Most animation is designed so as not to look realistic, and it does not follow any natural laws. This allows great opportunities for timing, of gags, of movement, of scenes. Tex Avery, the master of the fast paced gag, actually researched what the eye was capable of assimilating. He worked out that the eye could detect a movement in a minimum of five frames, i.e. about a fifth of a second. He used this knowledge to set up gags at a frenetic pace, often cutting out frames after the film had been shot to speed things up.
One thing is certain. Animation is rarely used to slow things down. This is because doing things slowly requires more drawings, and therefore more labour and cost. Also, the “inbetween” images in rapid action are often distorted. The slower the action, the more realism is needed in the drawing.
Writers need to be aware that timing in animation is quicker than in live action. This impacts on the way characters move, the way scenes are constructed, and, sometimes, on the way the film is cut. People don’t amble in animation. If there is a scene of a couple ambling along a riverbank, you know this is merely a setup to lull you into a feeling of false security before Godzilla rises from the water, a spaceship drops onto their heads, or they get struck by lightning. In any sort of screenwriting, it is best to avoid scenes and action that do not move the story forward. This is even more true of animation. Long panning shots of rolling countryside, scenes of beautiful sunsets, scenes where characters travel from one place to another, riding across the range on horseback, or driving along the motorway are rarely seen in animation. The same with scenes where people swap platitudes, or go fishing, play chess, etc.. There are lots of reasons for this. Paintings and computer generated images do not have the depth and beauty of a magnificently shot landscape. Animation is also expensive. Why spend money on travelling, which you could spend on gags or action, on something that moves the story forward? The basic rule is: Get into scenes at the last possible moment. Get out of scenes at the first possible moment.
We have all seen animated shows for young children where cute animal characters sail along the river, while others call from the bank, saying Hello, How Are you? and Happy Birthday! I hate this sort of writing, with no conflict, no character and serious expense.
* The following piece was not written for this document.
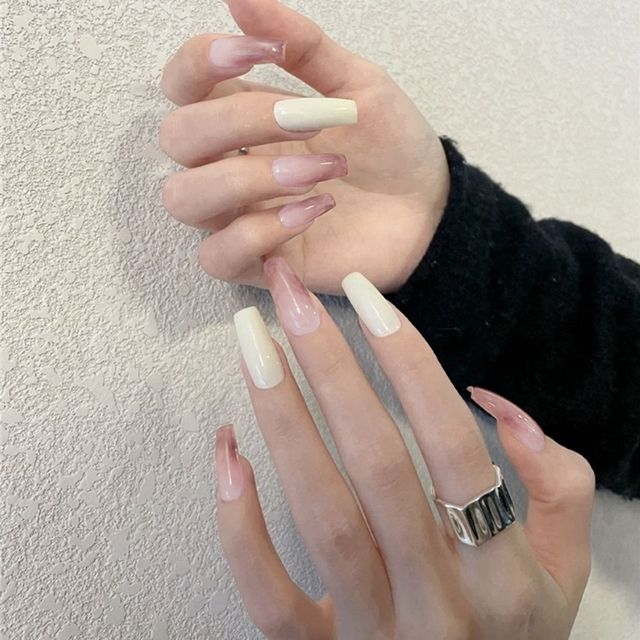 Long Coffin False Nails Red Wine colour Artificial Ballerina Fake Nails With Glue Full Cover Nail Tips Press On Nails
I want to start the scene with the confrontation inside the Water Rat’s house where he says There’s no way I’m coming to your birthday party! If I was writing a scene where cute animals sail happily along a river, there would be Niagara Falls just around the corner!
We’ve already talked about keeping dialogue to a minimum. When constructing a scene, we don’t need to see people entering or leaving a room, saying hello or introducing themselves. This is an unnecessary expense and will slow up the storytelling. If you need to build the scene, then do it with bold, but sharp pieces of action, and if necessary, dialogue. Try to avoid scenes where everyone has to have his say. Concentrate on one or two characters to carry dialogue and action.
On the page, an animation script is longer than its live action equivalent. You usually count a page and a half (and sometimes more) for every minute shot because, for reasons that I have already explained, you need more description. A scene that lasts a minute, i.e. a page and a half, would feel extremely long, and I would advise trying to keep most scenes a lot shorter than this.
It is quite usual, especially in 2D shows, for the producer or director to stipulate how many shots he wants you to write in an episode. This is usually for budgetary reasons. In a 2D show, every shot needs its own painted background, and the director will know exactly how many he can afford. Sometimes this is for creative reasons. Action adventure shows often require fast cutting, and the director will want to encourage you to keep up the pace of the action. A preschool show might require an average of about twelve shots a minute, action adventure shows will demand a lot more than this. Obviously, these need to be a mix of short and longer shots, geared to the pacing of your story. There is nothing more monotonous than a show that changes shot regularly every 5 seconds.